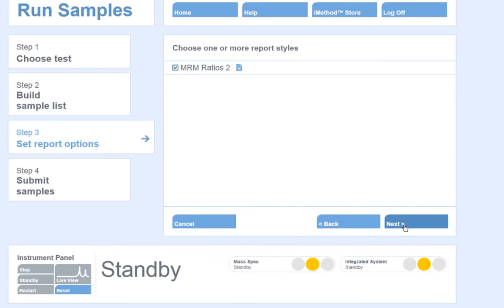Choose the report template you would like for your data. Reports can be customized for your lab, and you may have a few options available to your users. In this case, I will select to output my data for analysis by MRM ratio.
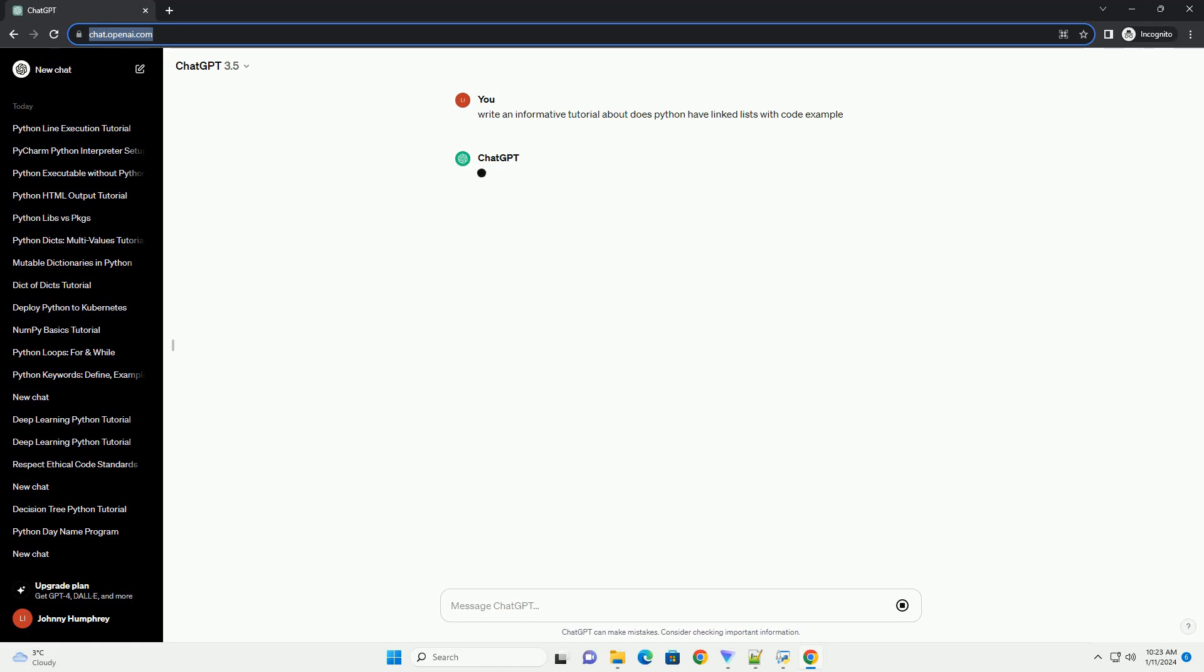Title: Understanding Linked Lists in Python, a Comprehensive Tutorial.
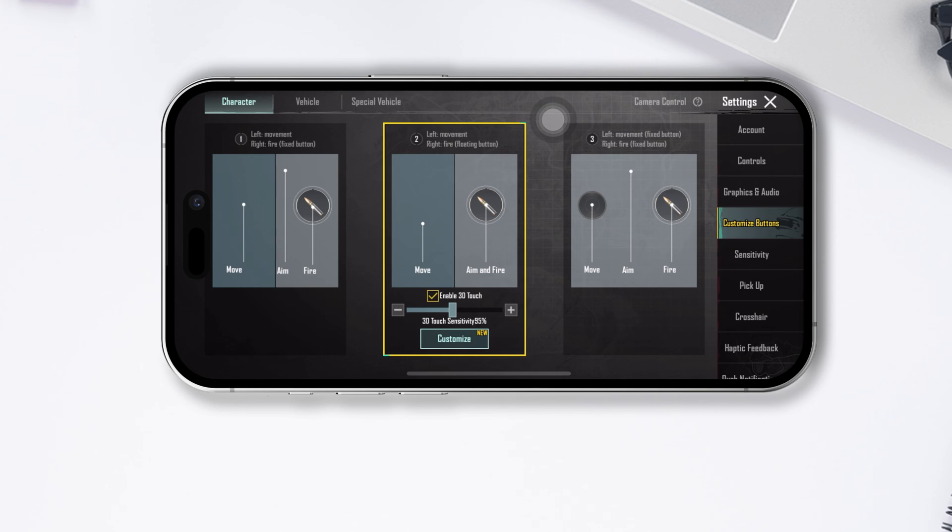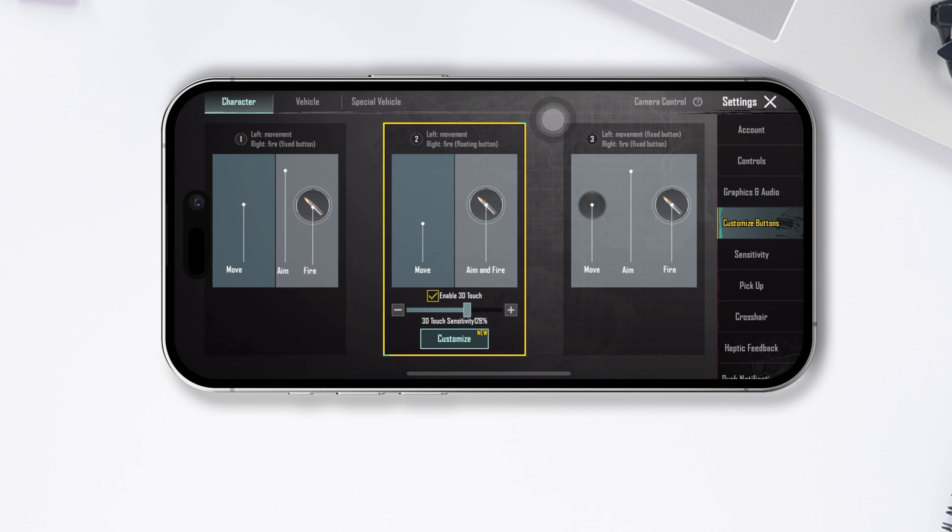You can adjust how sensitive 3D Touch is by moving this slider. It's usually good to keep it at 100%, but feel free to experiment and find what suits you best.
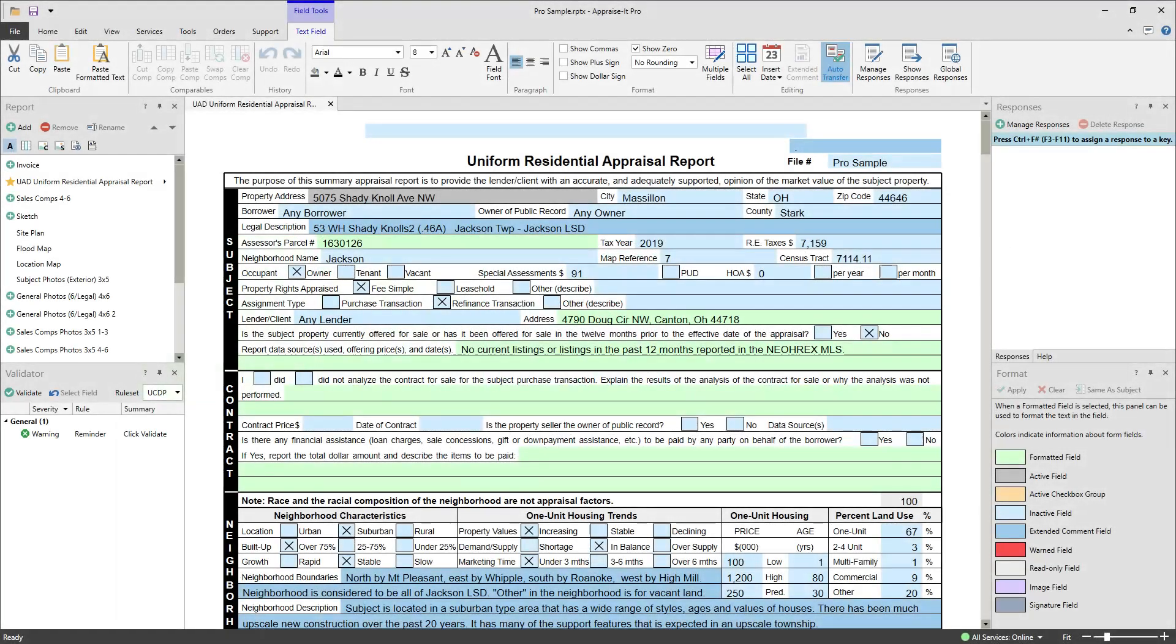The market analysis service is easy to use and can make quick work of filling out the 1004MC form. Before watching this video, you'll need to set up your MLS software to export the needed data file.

...

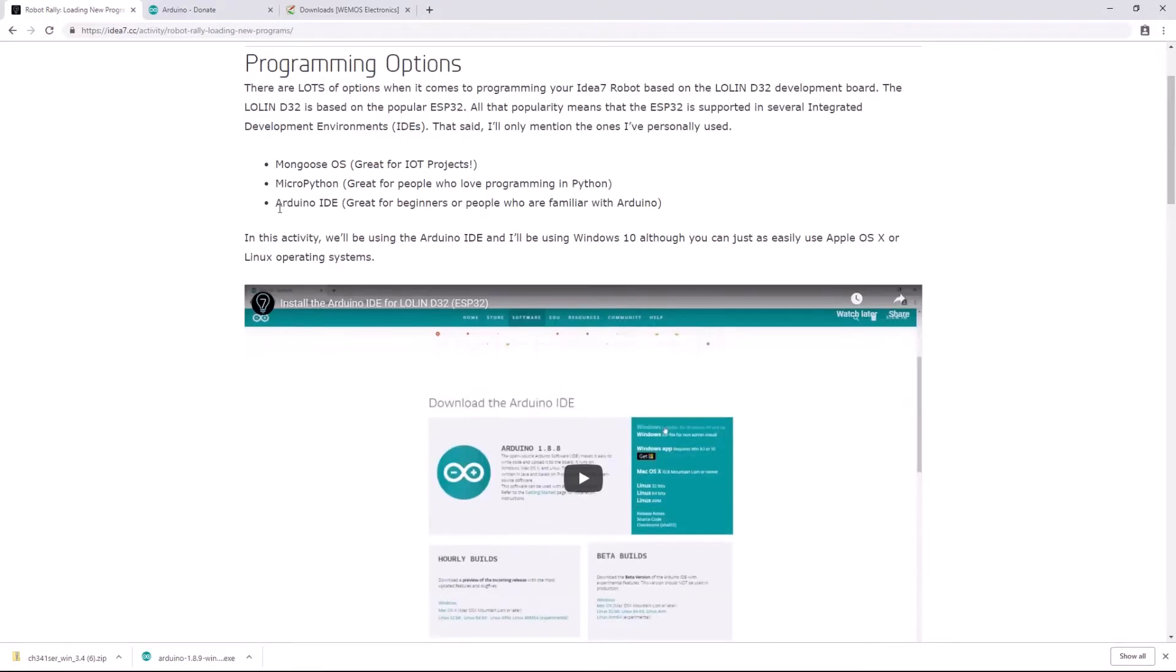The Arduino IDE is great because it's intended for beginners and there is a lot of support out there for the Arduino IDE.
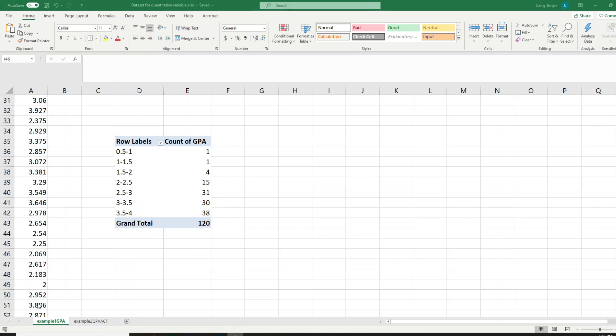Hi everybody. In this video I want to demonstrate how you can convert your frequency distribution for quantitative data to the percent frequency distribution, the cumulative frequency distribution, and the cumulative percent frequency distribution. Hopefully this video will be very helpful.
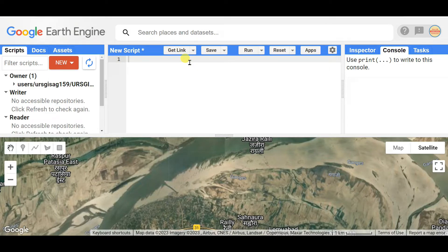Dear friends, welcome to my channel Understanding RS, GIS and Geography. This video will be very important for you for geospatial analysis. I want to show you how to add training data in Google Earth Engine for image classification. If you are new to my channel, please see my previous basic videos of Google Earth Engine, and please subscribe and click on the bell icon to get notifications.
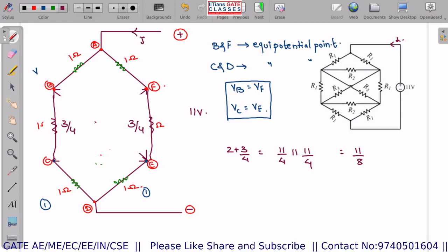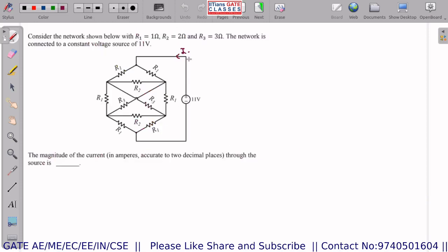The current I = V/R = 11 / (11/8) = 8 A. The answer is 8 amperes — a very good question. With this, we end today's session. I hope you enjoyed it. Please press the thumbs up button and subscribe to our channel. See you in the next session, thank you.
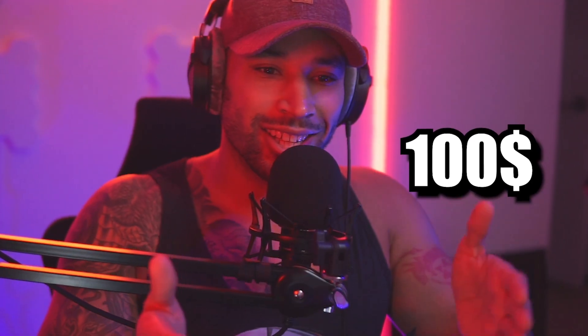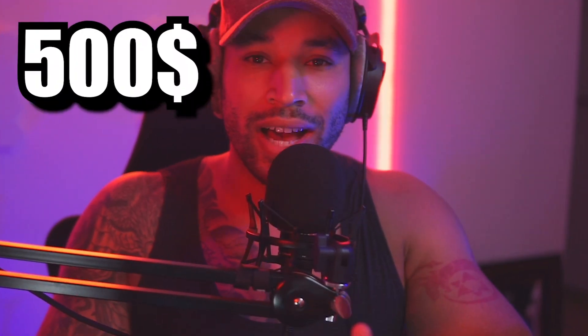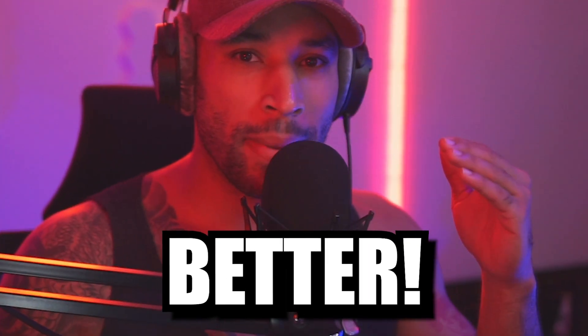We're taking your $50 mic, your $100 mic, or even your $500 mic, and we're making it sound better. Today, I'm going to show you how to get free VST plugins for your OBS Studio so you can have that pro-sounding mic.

**DIRECTIONS FOR THIS TASK:**
In the records above, everything from the line with "The Arduino IDE is" down to the line with "Dear friends, welcome" must be duplicated exactly, both lines kept. Leave no pictures in.

**OUTPUT FOR THIS EXERCISE:**
The Arduino IDE is great because it's intended for beginners and there is a lot of support out there for the Arduino IDE.
Hi everybody. In this video I want to demonstrate how you can convert your frequency distribution for quantitative data to the percent frequency distribution, the cumulative frequency distribution, and the cumulative percent frequency distribution. Hopefully this video will be very helpful.
Dear friends, welcome to my channel Understanding RS, GIS and Geography. This video will be very important for you for geospatial analysis. I want to show you how to add training data in Google Earth Engine for image classification. If you are new to my channel, please see my previous basic videos of Google Earth Engine, and please subscribe and click on the bell icon to get notifications.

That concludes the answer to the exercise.